AIM OF THE TASK.
Go through the data below and copy it exactly, skipping every picture.

[Stored entries]
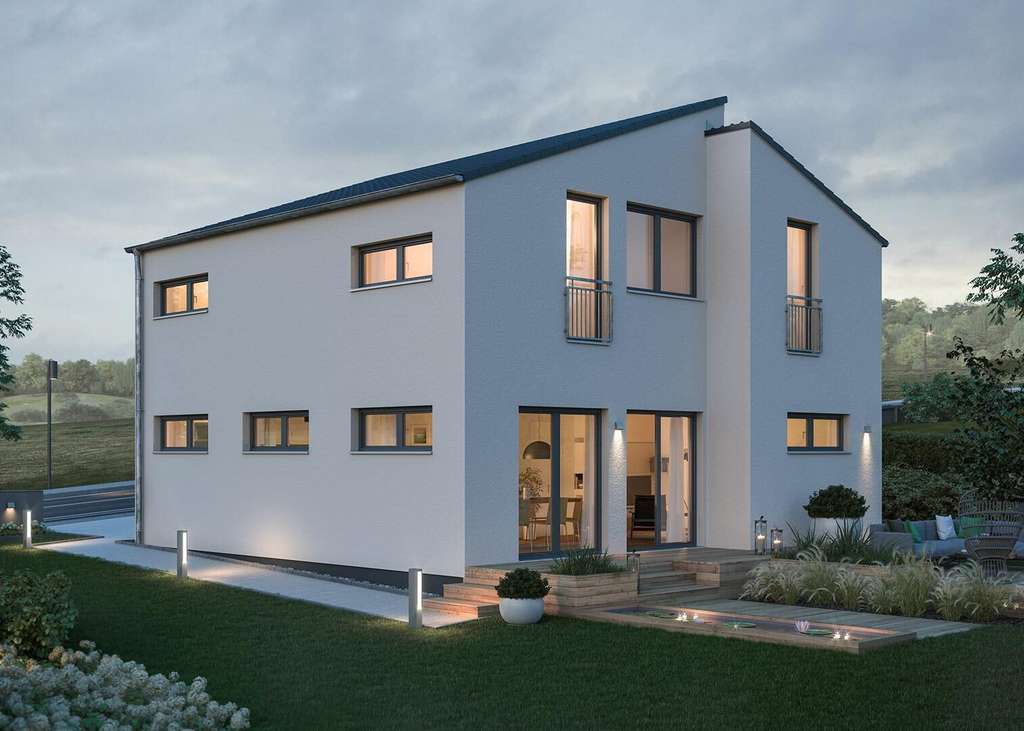 Immobilie in Langenbrettach - Freistehendes Einfamilienhaus mit mit doppeltem Pultdach - Bild 1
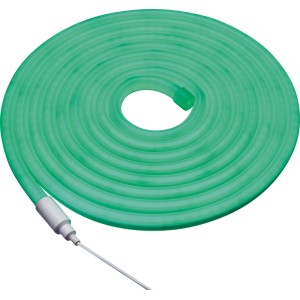 Aufgerollter, grüner LED-Lichtschlauch 360° mit Farbwechsel und Fernbedienung, 5 m lang.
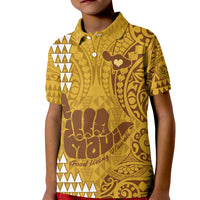 Strong Maui Kid Polo Shirt Good Living Hawaii with Shaka Sign Kakau Tribal Gold - Wonder Print Shop
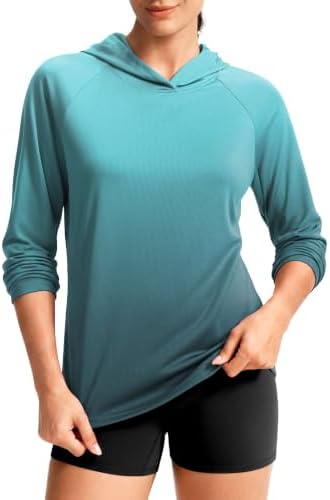 Women's UPF 50+ lightweight hoodie, gradient green grey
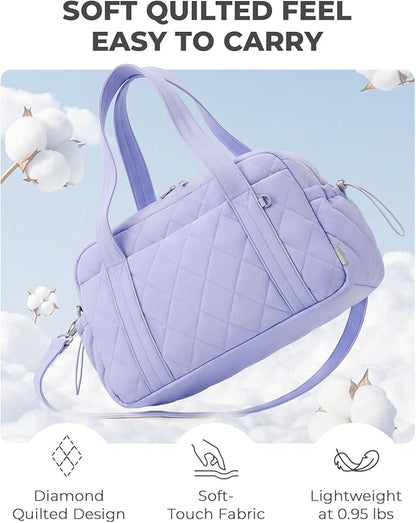 Percover Women Gym Bag with Toiletry Organizer Pouch, Quilted Workout Duffle with Compartments for Daily Fitness & Yoga, Locker-Friendly Soft Carry, Lavender Purple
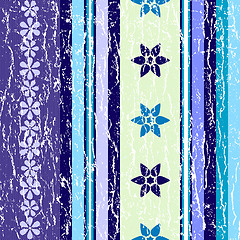 Image showing Grunge striped floral pattern. Seamless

RESPONSE BELOW.
 Immobilie in Langenbrettach - Freistehendes Einfamilienhaus mit mit doppeltem Pultdach - Bild 1
 Aufgerollter, grüner LED-Lichtschlauch 360° mit Farbwechsel und Fernbedienung, 5 m lang.
 Strong Maui Kid Polo Shirt Good Living Hawaii with Shaka Sign Kakau Tribal Gold - Wonder Print Shop
 Women's UPF 50+ lightweight hoodie, gradient green grey
 Percover Women Gym Bag with Toiletry Organizer Pouch, Quilted Workout Duffle with Compartments for Daily Fitness & Yoga, Locker-Friendly Soft Carry, Lavender Purple
 Image showing Grunge striped floral pattern. Seamless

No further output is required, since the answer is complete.